# Theoriefrage



## drfunfrock (9 April 2008)

Da ich jetzt zum ersten Mal so einen Antrieb parametriert habe, haben sich bei mir auch so einige Fragen angehäuft. 

Was macht eigentlich der Bremswiderstand? Beim Ecodrive Cs war gleich einer eingebaut, aber es bestand auch die Möglichkeit  einen externen anzuschliessen. Ich kann mir nur  vorstellen, dass beim Bremsen über diesen Widerstand der Strom der Spulen kurzgeschlossen wird. Doch warum nimmt man nicht gleich die Brutalmethode und macht den Kurzschluss über einen Mosfet? 

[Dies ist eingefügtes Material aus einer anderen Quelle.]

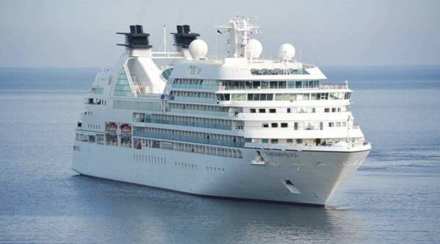 NCB search cruise ship Mumbai drugs 8 more people into custody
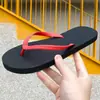 Chinelos simples de verão brilhantes para mulheres, adequados para uso ao ar livre, antiderrapantes, populares para banho, modernos, à prova d'água, novo estilo de viagem de verão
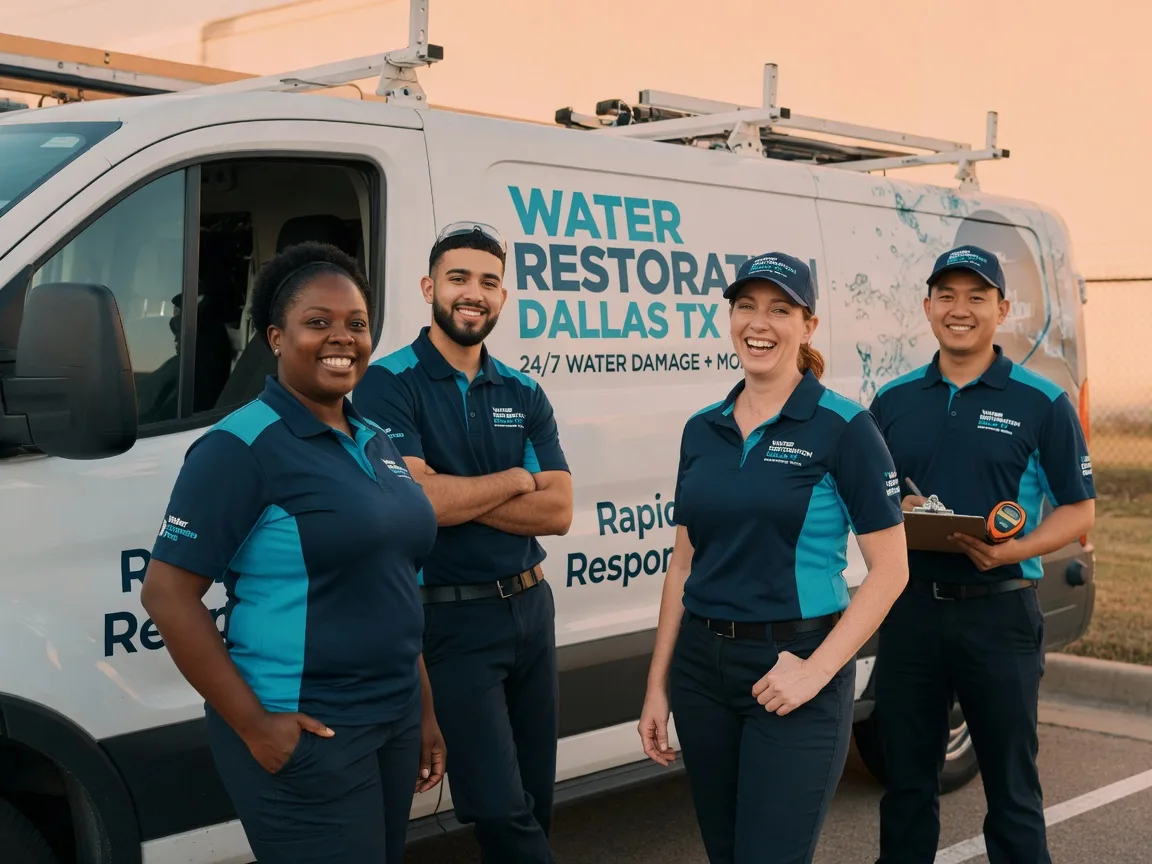 Emergency Water Damage Restoration company in Benton City, WA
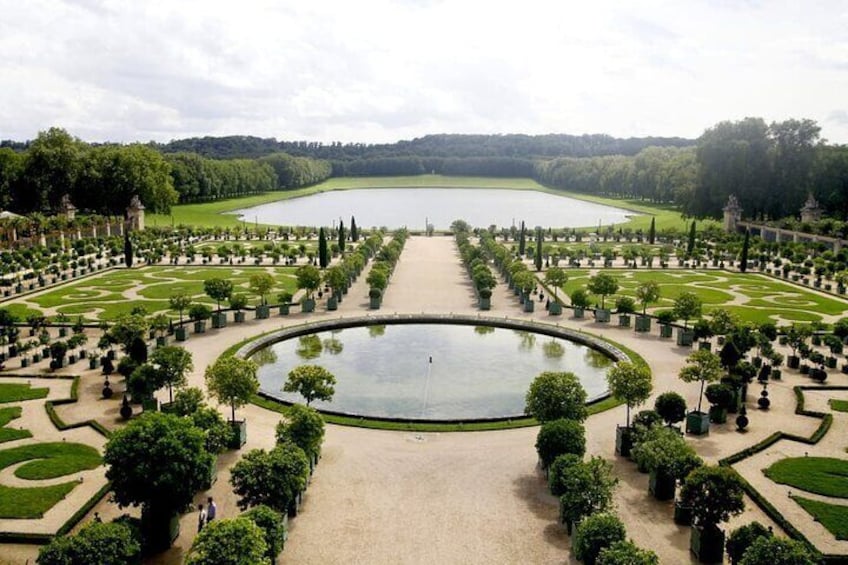 Private Guided Tour of the Palace of Versailles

Dann kann man eine externe Drossel anschliessen. Welche Funktion hat diese?


----------



## vierlagig (9 April 2008)

würde dir den beitrag

*Bremswiderstände bei Bremsung mit FU?*

empfehlen ... mußte natürlich noch bißchen filtern


----------



## drfunfrock (9 April 2008)

Der Thread war wirklich gut. Ich möchte nur noch Anmerken, dass wenn man eine Compund-Bremsregelung hat und der Motor die Bremsleistung in Wärme umwandelt, dieser dann evtl. auch entsprechend gekühlt werden sollte. Glücklicherweise habe ich es bei uns nur mit einem  400W FU zu tun. 

Bleibt noch die Frage zur Drossel für den Zwischenkreis.


----------



## vierlagig (9 April 2008)

die drossel hab ich doch glatt überlesen:

Bestimmung einer Drossel ist die Glättung der Pulsweitenmodulation. Drosseln werden Ausgangsseitig installiert.

Drossel für den Zwischenkreis?


----------



## drfunfrock (9 April 2008)

Ja die Drossel ist bei der Ecodrive Cs-FU optional. Da steht

"Durch Anschluss einer Drossel kann die zulässige
Zwischenkreisdauerleistung erhöht werden."

Ok, so weit so gut. Nur welche Funktion die Drossel übernimmt, ist mir nicht klar. Wenn ich es richtig verstanden habe, ist der Zwischenkreis eine Art Gleichspannungsversorgung für den nachfolgenden Frequenzumrichter. Anscheinend wird mit der Drossel wieder einmal Abwärme aus dem Gehäuse nach ausserhalb geschafft.


----------



## vierlagig (9 April 2008)

[edit]
um das nochmal zu präzisieren: es gibt drosseln die eingangsseitig installiert werden und es gibt drosseln die ausgangseitig installiert werden.
eingangseitig dienen sie der rückwirkungsverringerung aufs netz
ausgangseitig dienen sie zur glättung [kokulores]der pulsweitenmodulierten spannung[/kokulores] ...des stroms!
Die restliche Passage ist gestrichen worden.